Preferably, in step S1, the BC membrane pretreatment process includes: soaking the BC membrane in a solution with the concentration of 0.5-2.0 mol.L^-1Treating in NaOH solution at a constant temperature of 70-90 ℃ for 1-3 h in a constant-temperature water bath, taking out the treated BC membrane, and rinsing the BC membrane to be neutral by using clear water; next, the cleaned BC film was cut into a predetermined size.

The present invention will be described in detail with reference to specific examples.

Example 1

The embodiment 1 of the invention provides a preparation method of an electrode film of a Cu-based flexible non-enzymatic lactate sensor, which comprises the following steps:

s1, preparing a conductive BC/c-MWCNTs nano composite membrane:

preparing 100mL of uniform suspension of c-MWCNTs (multi-walled carbon nanotubes) with the concentration of 1mg/mL, and adding a certain amount (9 multiplied by 10)^-4mol·L^-1) The cetyl ammonium bromide (CTAB) and the c-MWCNTs uniform suspension are mixed to improve the dispersibility of the suspension, and then the suspension is ultrasonically dispersed for 5 hours at room temperature by an ultrasonic cleaner with the power of 300W and the frequency of 40kHz to prepare the c-MWCNTs suspension.

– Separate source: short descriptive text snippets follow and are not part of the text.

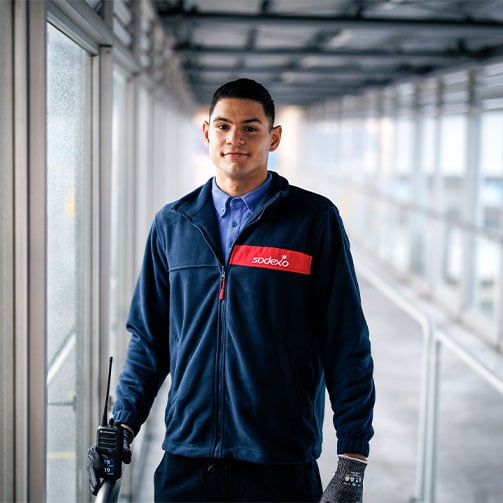 Ein Sodexo-Mitarbeiter mit dunkelblauem Fleecepulli und einem Walkie-Talkie in der Hand steht im Flur eines Firmengebäudes.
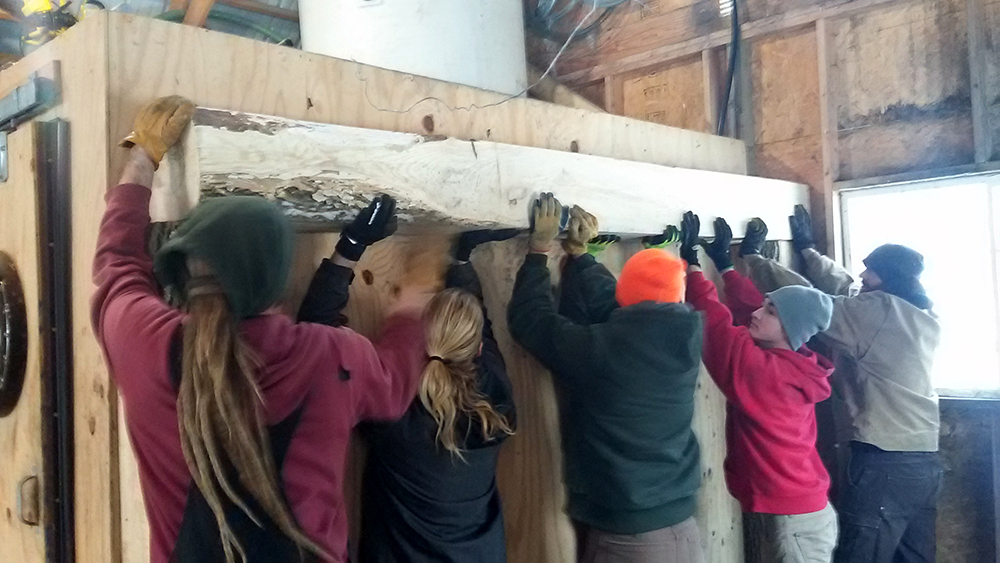people lifting a beam into place in the sugar shack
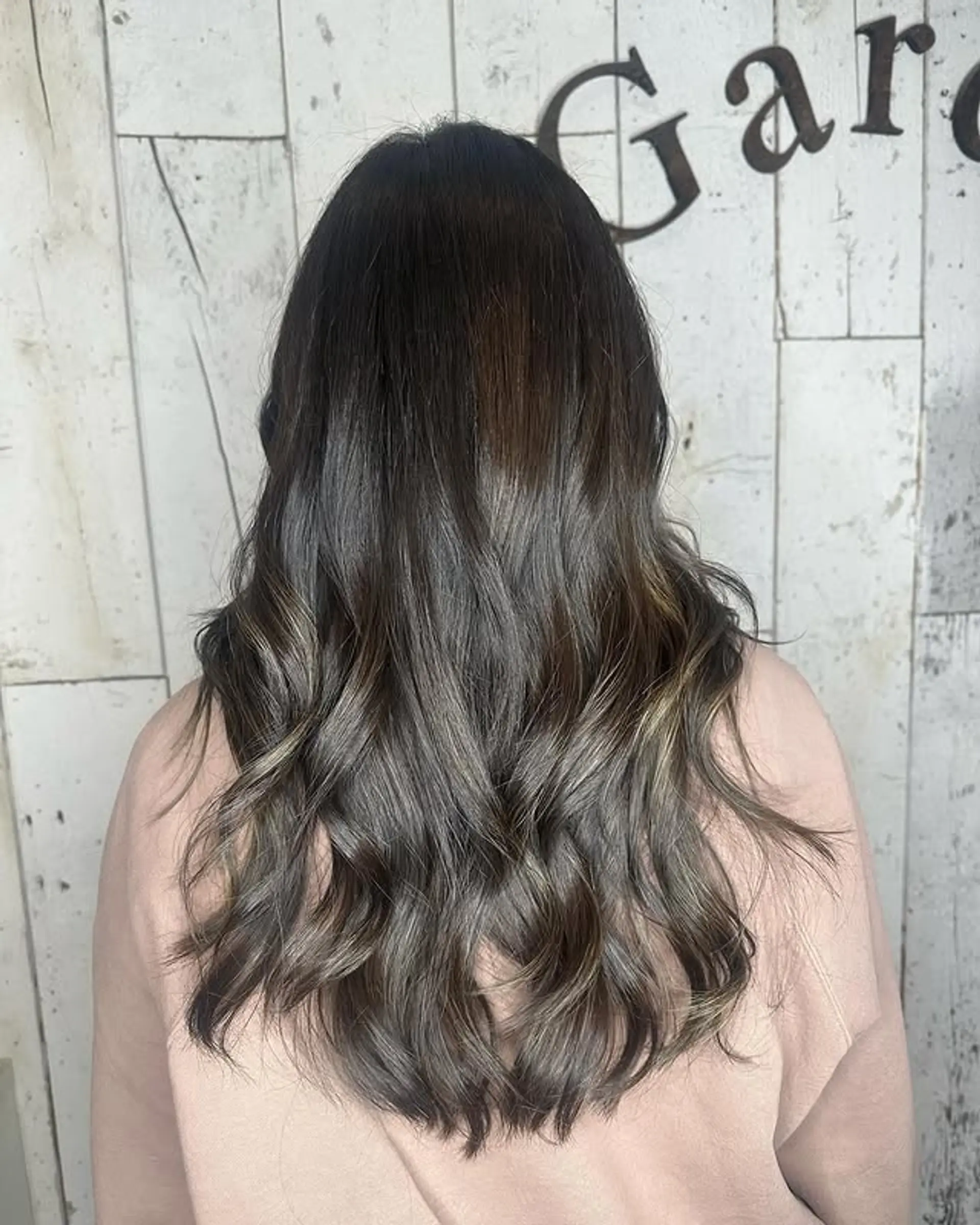 Long, wavy hair with a dark base and icy blonde balayage highlights. 1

Soaking BC membrane in the solution with the concentration of 1 mol.L^-1Treating in a constant-temperature water bath kettle at 80 ℃ for 2 hours to remove nutrient components and viable bacteria, taking out the treated BC membrane, and rinsing with deionized water until the pH value is 7; and then, preparing the cleaned BC membrane into a rectangular sheet with the thickness of 1cm multiplied by 2cm, soaking the BC membrane in the prepared c-MWCNTs suspension for ultrasonic treatment for 5 hours, taking out the BC/c-MWCNTs composite membrane, washing the BC/c-MWCNTs composite membrane by water to remove the c-MWCNTs with the surface not firmly combined, and obtaining the conductive BC/c-MWCNTs nano composite membrane for later use.

S2, preparing a BC/c-MWCNTs/PPy nano composite membrane:

0.07M LiClO was dissolved in 0.1M pbs (phosphate buffer)₄(lithium perchlorate) and 0.02 wt% of soluble starch, stirring for 30min, adding 0.2M pyrrole into the mixed solution, and preparing pyrrole monomer solution for later use after the pyrrole is completely mixed.

The prepared conductive BC/c-MWCNTs nano composite membrane is clamped by an electrode clamp to be used as a working electrode, a platinum sheet electrode is used as a counter electrode, a saturated calomel electrode is used as a reference electrode to prepare a three-electrode system, and polypyrrole nano wires with dispersed structures and uniform thickness can be obtained by electrodepositing 150s on a multiwall carbon nano tube substrate on an electrochemical workstation by a constant voltage method at the potential of 0.85 v. And after the polymerization is finished, placing the polymer in a vacuum oven at 75 ℃ for drying for 60 minutes to obtain the BC/c-MWCNTs/PPy nano composite membrane.

S3, preparing an electrode film of the Cu-based flexible non-enzymatic lactate sensor:

50mL of copper plating solution is prepared, and the process is as follows: dissolving 0.001mol of BTC (1, 3, 5-benzenetricarboxylic acid) in 25mL of DMF (N, N-dimethylformamide) to obtain a solution A; 0.0002mol of triethylamine hydrochloride and 0.02mol of copper sulfate trihydrate were dissolved in 25mL of deionized water to obtain solution B. And uniformly mixing the prepared solution A and the prepared solution B to obtain a copper plating solution for later use.

Clamping the prepared BC/c-MWCNTs/PPy nano composite membrane by using an electrode clamp as a working electrode, using a platinum sheet electrode as a counter electrode and using a saturated calomel electrode as a reference electrode to prepare a three-electrode system, placing the three-electrode system in copper plating solution, adopting an electrochemical workstation, performing deposition reaction for 10min by using a constant voltage method at a potential of-0.5V, and generating a layer of Cu-MOFs on the BC/c-MWCNTs/PPy nano composite membrane. And (3) drying the reacted film in an oven at 80 ℃ for 30min to obtain a Cu-based flexible non-enzymatic lactate sensor electrode film, sealing and placing in a dryer for later use.

S4, simulation test:

the dried Cu-based flexible non-enzymatic lactate sensor electrode film is clamped by an electrode clamp to be used as a working electrode, a platinum sheet electrode is used as a counter electrode, an Agcl electrode is used as a reference electrode to prepare a three-electrode system, and lactate titration is carried out in simulated sweat at a working potential of-0.2 v on an electrochemical workstation by a constant voltage method.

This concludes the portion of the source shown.